-------- Information shown --------

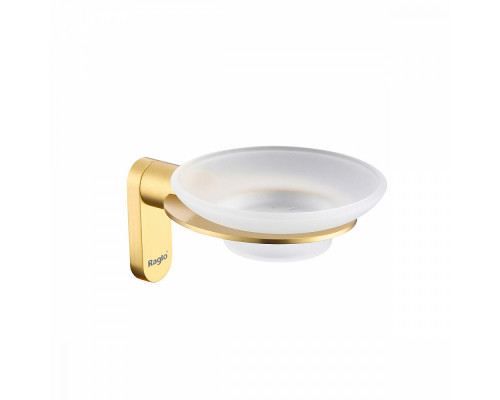 Мыльница Raglo R300.02.03 с держателем,сатин золотой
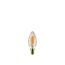 LED-Kerze E14, Filament, Gold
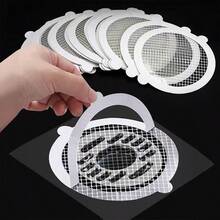16 cái/30 cái Nắp lưới lọc cống cho dụng cụ chặn tóc, Lưới lọc cống, Dụng cụ bắt tóc cho vòi hoa sen, Miếng dán lưới lọc cho bồn rửa sàn, Miếng dán lưới, Miếng dán lưới lọc cho bồn rửa, Dụng cụ phòng tắm, Phụ kiện phòng tắm - Nhiều màu - Xem 3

--------

- **What to produce**
To complete this exercise, repeat exactly the lines above from the one holding "LED-Kerze E14, Filament, Gold" to the end of the listing, both included, and leave the pictures out.

- **Answer for this exercise**
 LED-Kerze E14, Filament, Gold
16 cái/30 cái Nắp lưới lọc cống cho dụng cụ chặn tóc, Lưới lọc cống, Dụng cụ bắt tóc cho vòi hoa sen, Miếng dán lưới lọc cho bồn rửa sàn, Miếng dán lưới, Miếng dán lưới lọc cho bồn rửa, Dụng cụ phòng tắm, Phụ kiện phòng tắm - Nhiều màu - Xem 3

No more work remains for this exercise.